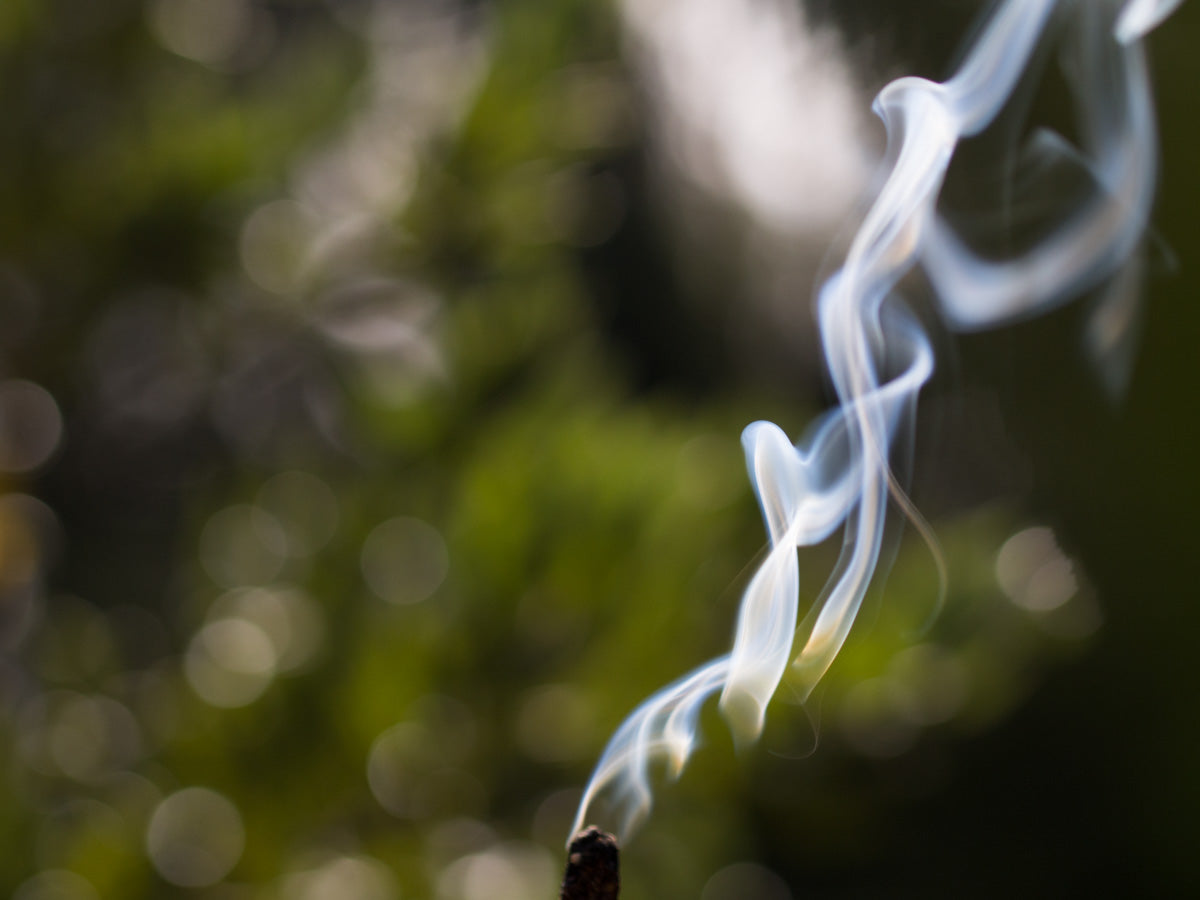 Impacto de Regalos Sostenibles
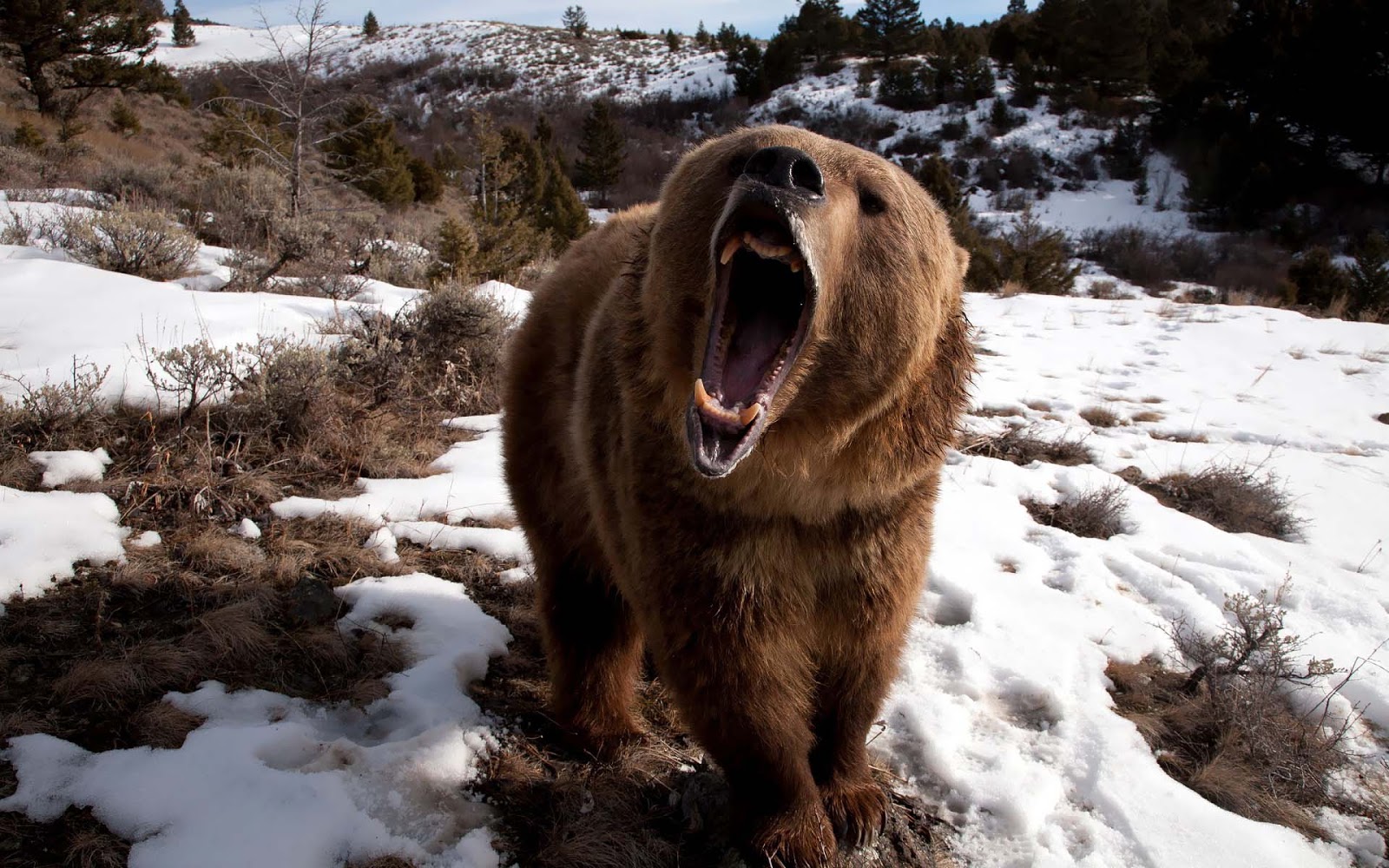 oso fondo de pantalla hd,perro,oso grizzly,oso café,grupo deportivo,nieve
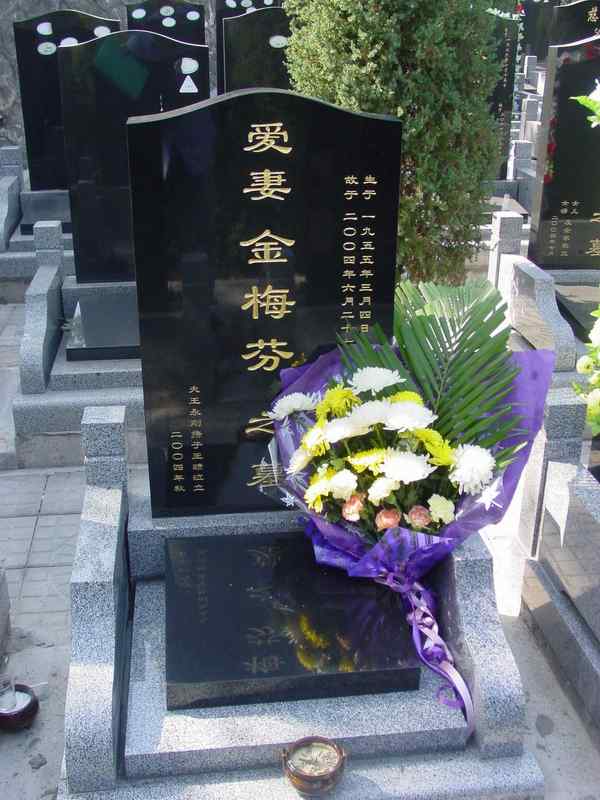 金梅芬照片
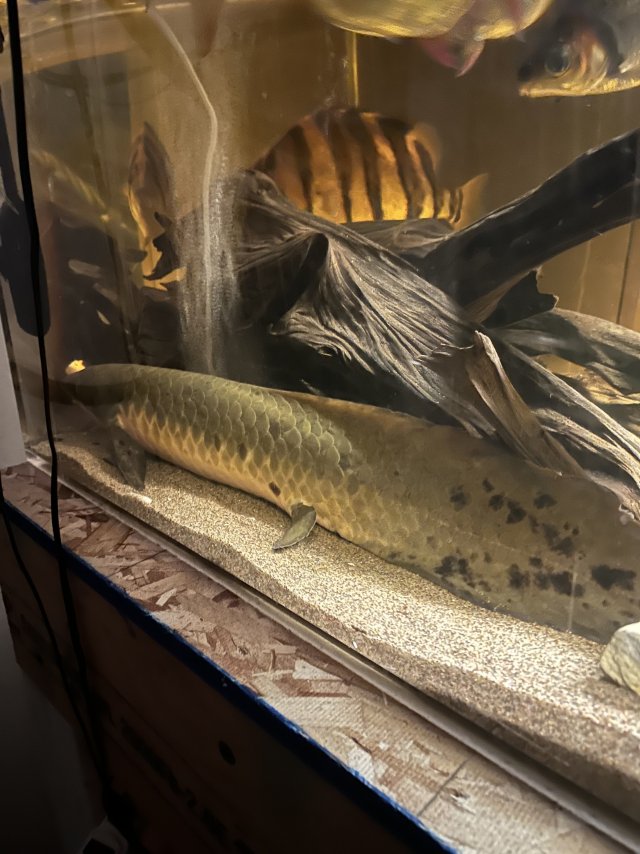 IMG_6161.jpeg IMG_6161.jpeg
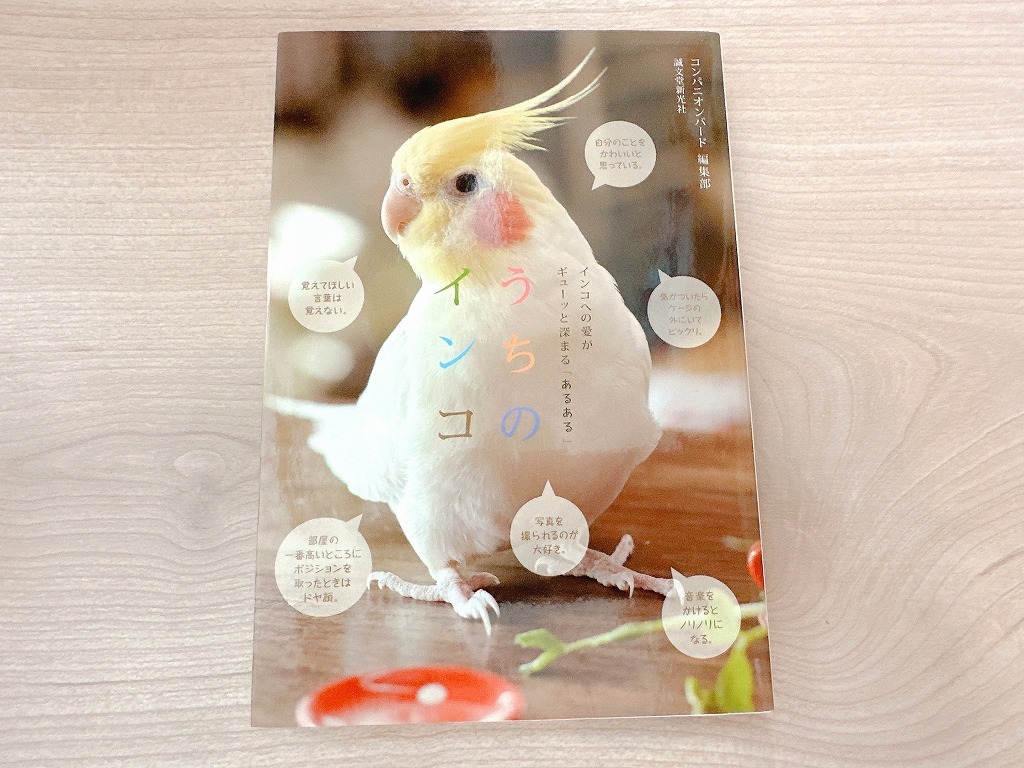 ■うちのインコ インコあるあるフォトエッセイ■単行本■コンパニオンバード編集部 (編集)拍卖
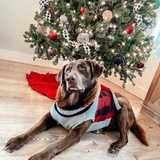 Entry image for Otis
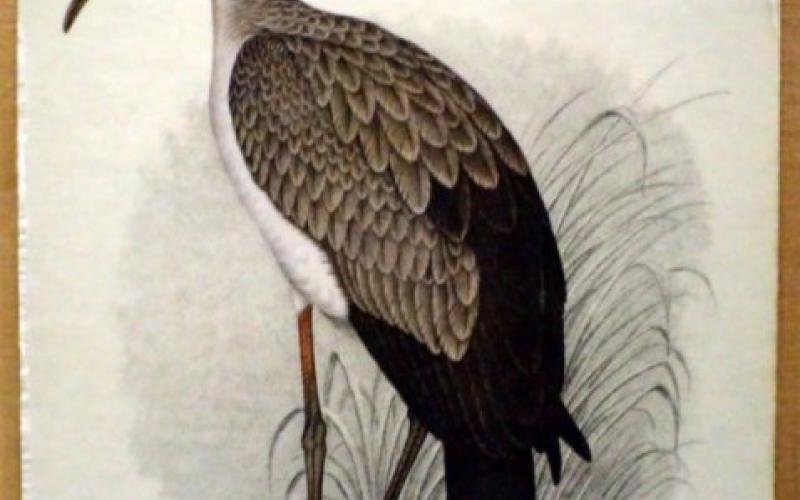 Front Cover of The Bird Paintings Of C.G. Finch-Davies by C.G. Finch-Davies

Brief: Restate the whole listing above exactly, except for its images.

Task response:
 Impacto de Regalos Sostenibles
 oso fondo de pantalla hd,perro,oso grizzly,oso café,grupo deportivo,nieve
 金梅芬照片
 IMG_6161.jpeg IMG_6161.jpeg
 ■うちのインコ インコあるあるフォトエッセイ■単行本■コンパニオンバード編集部 (編集)拍卖
 Entry image for Otis
 Front Cover of The Bird Paintings Of C.G. Finch-Davies by C.G. Finch-Davies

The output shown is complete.